As the Interior Ministry has previously reported, police recorded 175 crimes with an extremist subtext during last year, 26 less than the year before. Most were committed in the Moravian-Silesian Region and in Prague, while police reported none from the Pardubice Region.
The biggest year-on-year growth in such crimes last year happened in Zlín Region. Overall a total of 114 crimes were solved and 154 people charged.
The perpetrators of extremist crime most frequently have earned apprenticeship certificates after completing the ninth grade, followed by those who completed ninth grade without ever being certified for apprenticeship. The report also recapitulates the information that the National Democracy party noted a growth in support last year after collaborating with other anti-Islamic and anti-migration entities.
The DSSS party lost significance last year. Anti-Islam and anti-migration entities, according to the authors of the report, distanced themselves from the traditional ultra-right movements and enjoyed support from sympathizers of extremist groups nonetheless.
"In addition to extremist sympathizers, however, these entities managed to capture the support of some of the broader public with their pronounced opinions about migration, those who would avoid supporting the ultra-right," the document reads. "Their methods for mobilizing adherents do not differ from the methods used by extremist platforms. This is especially true of their inciting subjective feelings of danger and threat on the basis of information that is, in isolated examples, absolutely false, and that otherwise generally involves misinterpretations and tendentiousness."

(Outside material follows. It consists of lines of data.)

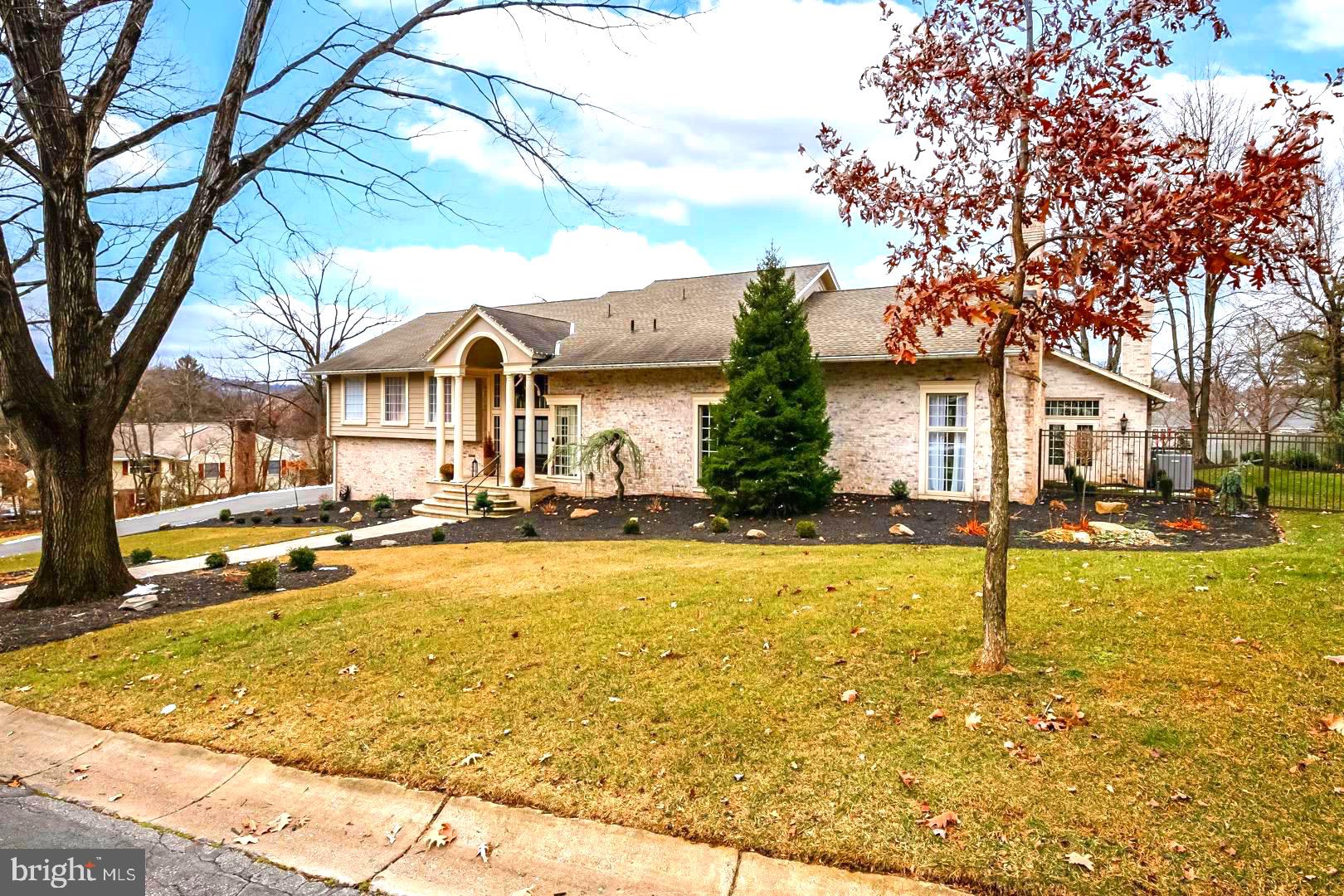 **Stunning** is the only word to describe this extraordinary five-bedroom residence in the heart of the highly sought-after Wyomissing School District. Offering more than 8,000 square feet of beautifully designed living space, this exceptional home showcases impeccable craftsmanship, timeless design, and understated elegance at every turn.

Every room is beautifully appointed, with a level of detail and sophistication worthy of the pages of a luxury home magazine. The floor plan is both impressive and inviting, creating an atmosphere that is grand without ever feeling overwhelming.

The main living areas feature soaring open-beam ceilings, striking fireplaces in both the living and family rooms, and a spectacular dining room highlighted by dramatic floor-to-ceiling corner windows that fill the space with natural light.

The heart of the home is the magnificent custom kitchen. Designed for both everyday living and entertaining, it features two expansive Quartz islands, custom white cabinetry, elegant designer lighting, a Wolf commercial-style nine-burner gas range with double ovens, and concealed Sub-Zero refrigerator and freezer units seamlessly integrated into the cabinetry. Additional highlights include a coffee station, an oversized walk-in pantry, a charming porcelain farmhouse prep sink, a convenient dumbwaiter, and abundant storage throughout. Every detail has been carefully considered, creating a kitchen that is as beautiful as it is functional.

Adjacent to the kitchen is an inviting breakfast area overlooking the patio through walls of glass, enhanced by a cathedral ceiling with warm wood accents that creates an open, airy feel. A convenient snack bar offers additional seating, making this the perfect gathering place for family and guests.

Also on the main level is a versatile flex room that can easily serve as a home office, library, children's playroom, or media room, along with a beautifully appointed full bath.

The upper level is thoughtfully designed across two levels. The luxurious primary suite serves as a true private retreat, featuring two spacious walk-in closets, custom vanities with classic vintage-inspired fixtures, a two-person sauna, an oversized tiled walk-in shower, and French doors leading to a private rooftop deck overlooking the pool and patio. It's the perfect place to enjoy spectacular evening sunsets.

Just outside the primary suite is an additional bedroom or private sitting room, ideal as an executive office or lounge. A few steps above are two generously sized bedrooms, two additional full baths, a convenient laundry room, and a private fifth bedroom suite complete with its own walk-in closet and full bath.

The finished lower level offers exceptional recreation and entertaining space with a large family room featuring a full wet bar and impressive stone fireplace. A dedicated fitness room opens into the current owner's art studio, with direct access to the immaculate four-car garage featuring durable epoxy flooring.

Outdoor living is every bit as impressive. Professionally landscaped grounds are enhanced by a full irrigation system, expansive stone patios, a relaxing spa, and a heated in-ground saltwater pool surrounded by attractive fencing—creating a private backyard retreat designed for entertaining and relaxation.

While this description highlights many of the home's outstanding features, it simply cannot capture the warmth, quality, and attention to detail found throughout. This is a home that must be experienced in person.

Schedule your private showing today and discover everything that makes **1504 Old Mill Road** one of Wyomissing's truly exceptional residences.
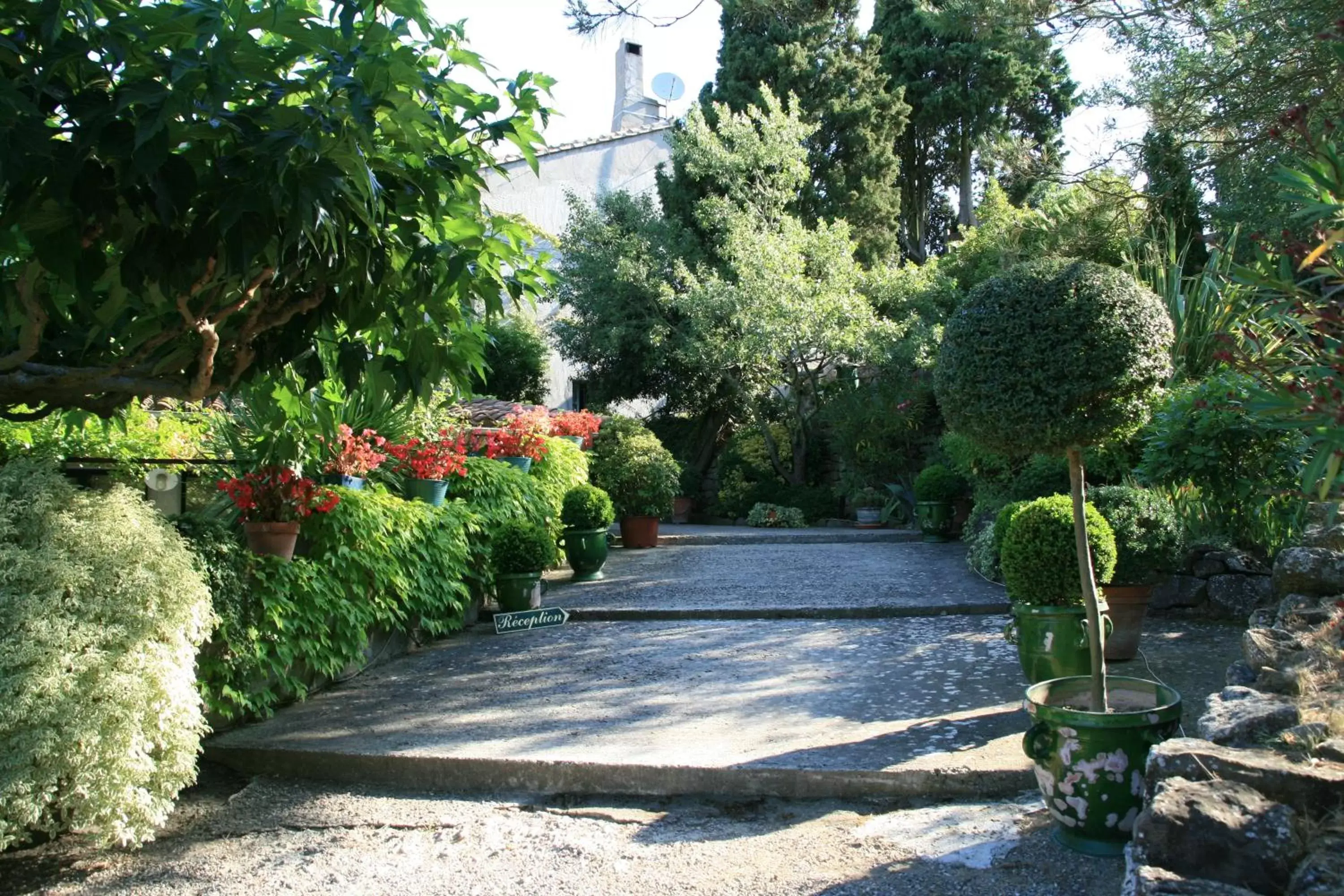 Facade/entrance, Garden in La Maison sur la Colline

On the ultra-left, the anarchist movement remains the most active. In 2015 the movement mobilized not just against the growth in anti-migration groups’ public approval ratings, but also against the Czech Police’s "Operation Phoenix", which targeted people suspected of involvement in a group called the Network of Revolutionary Cells.
Last year the Network claimed responsibility for eight arson attacks. Also typical of 2015 was the activity of protest initiatives focused on criticizing the Czech Republic’s membership in the EU and NATO and criticizing post-1989 developments in the country.
"For various reasons, these platforms frequently inclined toward sympathy for – bordering on uncritical adoration of – the Russian Federation and President Putin. Very often they aided with the dissemination of Russian propaganda," the report concludes.